Wednesday, January 20, 2010

Consultants Offer Support to Off-base Schools

By Elaine Wilson
American Forces Press Service

Jan. 20, 2010 - Most military children attend non-Defense Department schools, but military officials are determined not to allow their unique needs to slip through the cracks.

The Office of Military Community and Family Policy has expanded its Military and Family Life Consultant program to encompass non-Defense Department schools. More than 90 percent of military children attend public, private and charter schools, officials said.

"Many schools have guidance counselors and school counselors with behavioral health backgrounds," said Barbara Thompson, director of the Defense Department's Office of Family Policy/Children and Youth. "But we're augmenting and increasing understanding of what a military child is going through; what it's like to be a child in school with a deployed parent."

The Military and Family Life Consultant program offers nonmedical counseling support to military members and their families on and off military installations, both stateside and overseas, officials said.

The child and youth behavioral military and family life consultants are a specialized portion of that program. The consultants are trained to apply their skills in addressing youth-related issues such as problem solving, bullying, conflict resolution, self-esteem, coping with deployment and reunion, relationships and separations.

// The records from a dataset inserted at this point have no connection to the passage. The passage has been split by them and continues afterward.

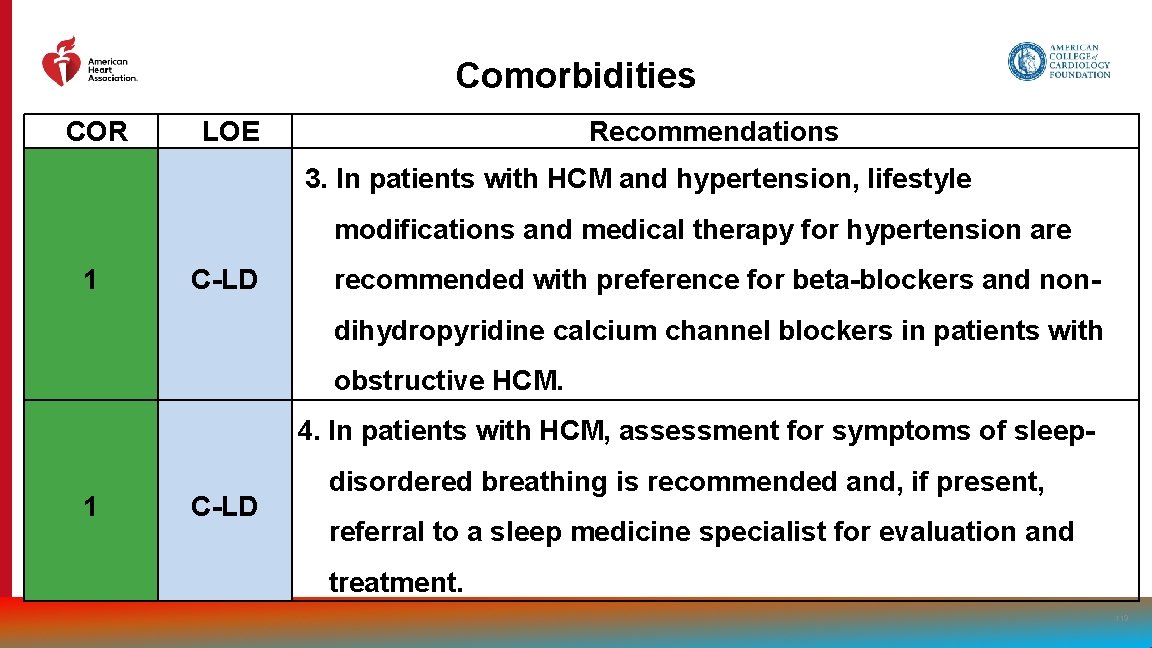 Comorbidities COR LOE Recommendations 3. In patients with HCM and hypertension, lifestyle modifications and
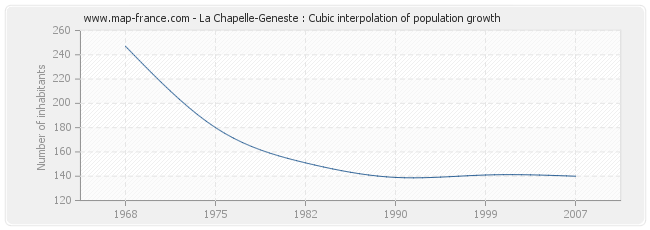 La Chapelle-Geneste : Cubic interpolation of population growth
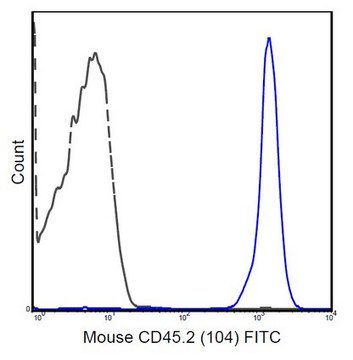 Anti-CD45.2 Antibody (mouse), FITC, clone 104 clone 104, 0.5&#160;mg/mL, from mouse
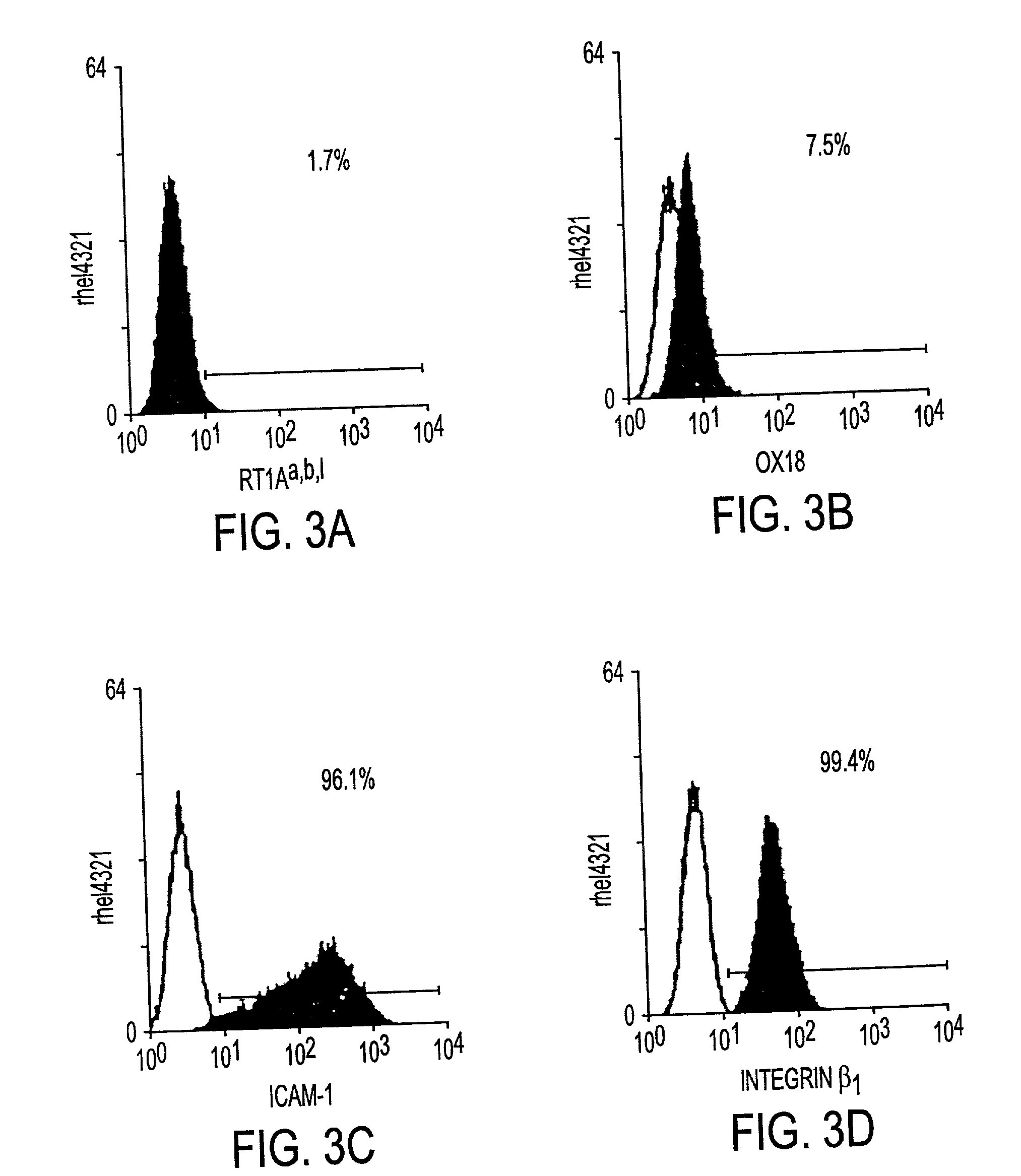 Processes for clonal growth of hepatic progenitor cells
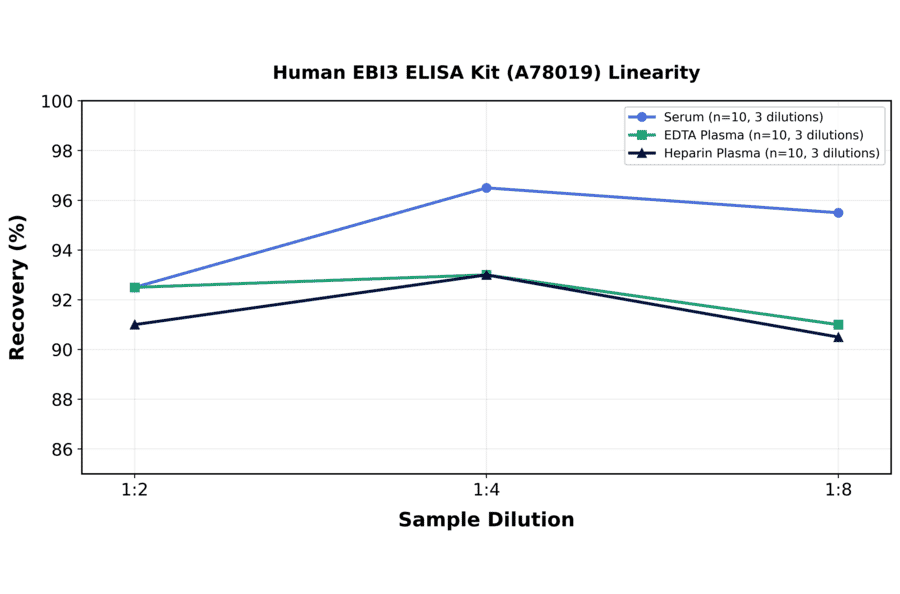 Linearity - Human EBI3 ELISA Kit (A78019) - Antibodies.com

The youth consultants provide services at child development centers, youth programs, Defense Department schools, and most recently, non-Defense Department schools with a large number of students from military families. The off-base school program started last spring at 24 military-connected schools and, as of today, about 120 child and youth behavioral consultants are supporting 151 schools, Thompson said.

"We started slowly at locations with high deployment rates," she said, "and the feedback was, 'This was the best thing you could have done for us.'"

Officials first decided to expand the program to counter a marked increase in behavioral issues, Thompson said.

"The child and youth program managers for the services came to us to say they were concerned that they'd seen a spike of challenging behaviors on the installation-based programs," she said.

Consultants already were working with adults, Thompson said, but officials felt those services could be adapted for children and youth to meet the growing need.

The specialized consultants began working in Department of Defense Education Activity schools and summer camps, youth programs and child development centers.

While effective, "We realized there's a gap; we can only serve so many children," Thompson said. "We need to branch out and reach out."

A child and youth behavioral specialist in Arkansas started the effort by reaching out to schools with large populations of military students. He was invited in and discovered that many teachers weren't aware they even had military children in their schools when, in fact, many students had parents in the Guard and Reserve, some of whom were deployed.

The program took off from there, Thompson said. Her office began to seek people out from within the community to assist the schools. "We try to find people locally, but if we can't, we will deploy people to travel there," she said.

Within the school, the consultants' role is to work with staff, teachers and parents to set up support groups and offer observations and helpful tips. Thompson called it a "global, psycho-educational approach."

The program is another step toward addressing the unique challenges military children and their families face, Thompson said.

"[Recent] studies show deployments have an impact on our children," she said, also citing a recent study published in the New England Journal of Medicine that reveals the impact of deployment on Army spouses' mental health. "We know when a stay-at-home parent is impacted with mental health issues; it can impact how they're taking care of their children.

"There's solid research out there that can really drive what we do, hone what we do," she continued. "We have anecdotal feedback on how important these assets have been, reinforcing the need to develop preventive programs so issues don't escalate to a more exacerbated level."

Thompson said she's optimistic the child and youth-specialized counselors can make a difference for families. This summer, plans are under way to have them work in various summer camps for military children, including those sponsored by the education activity and the Guard and Reserve.

The feedback so far has been amazing, Thompson said.

"Absolutely everybody loves them," she said.